* Raw data:

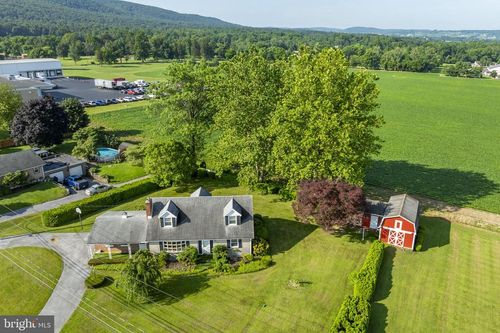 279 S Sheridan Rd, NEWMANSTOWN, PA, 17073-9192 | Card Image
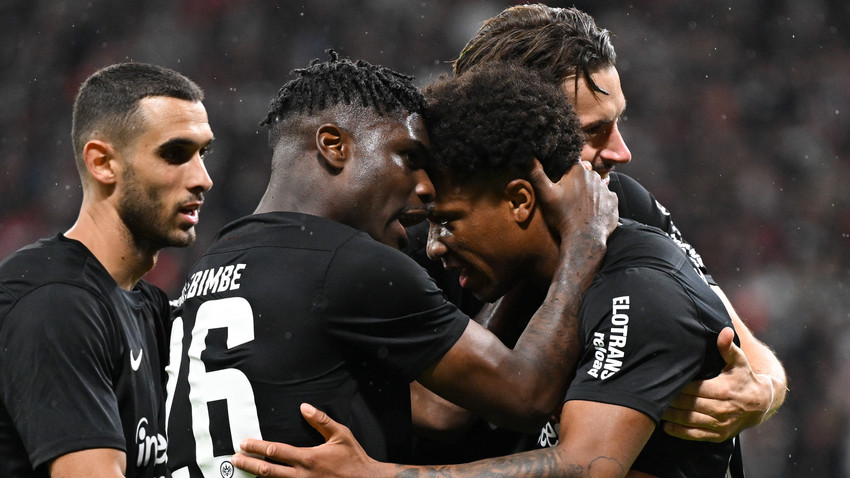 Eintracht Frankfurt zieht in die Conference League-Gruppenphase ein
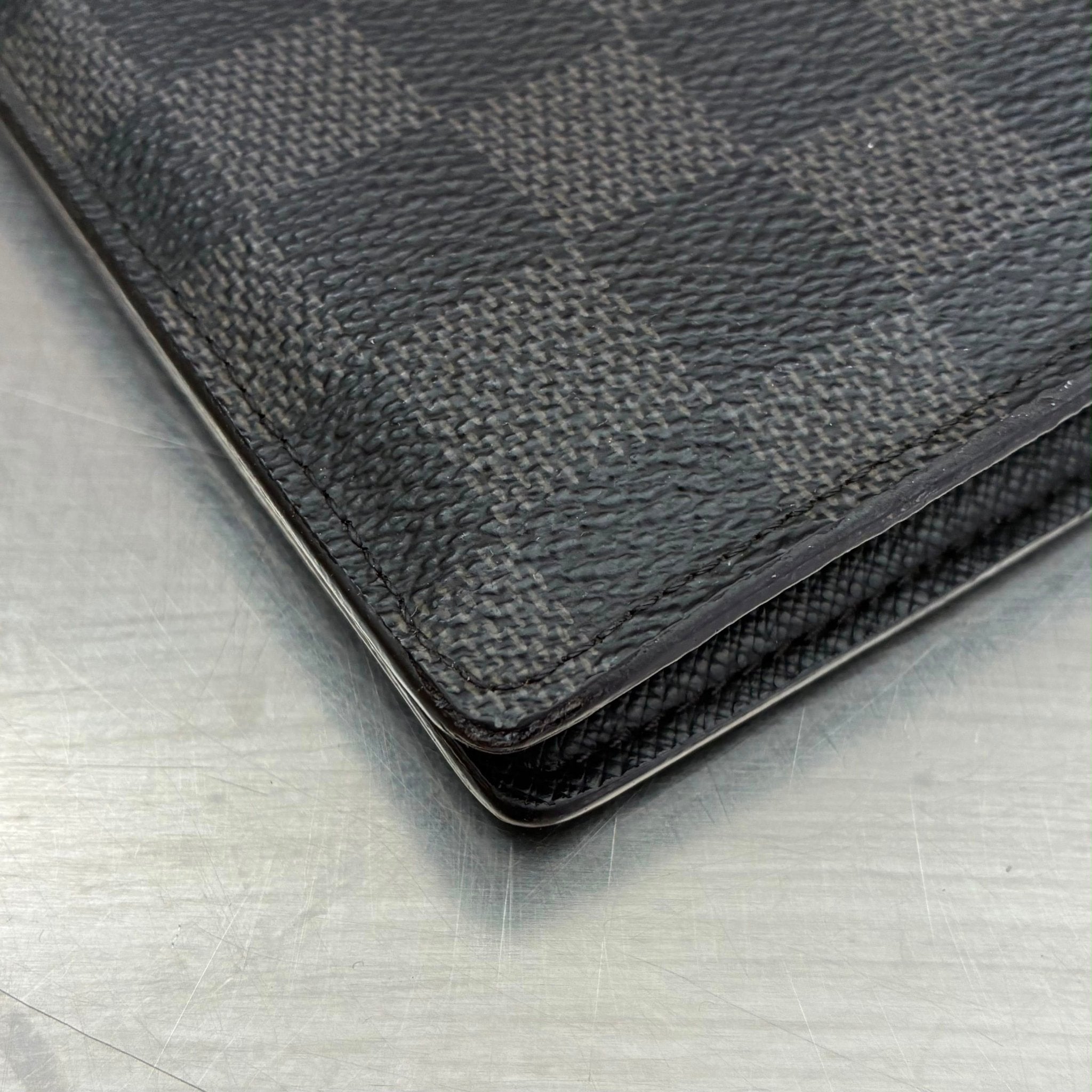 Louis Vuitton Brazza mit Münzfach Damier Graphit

* Prompt:
Output the data above in full and exactly, with every image left out.

* Response to this exercise:
 279 S Sheridan Rd, NEWMANSTOWN, PA, 17073-9192 | Card Image
 Eintracht Frankfurt zieht in die Conference League-Gruppenphase ein
 Louis Vuitton Brazza mit Münzfach Damier Graphit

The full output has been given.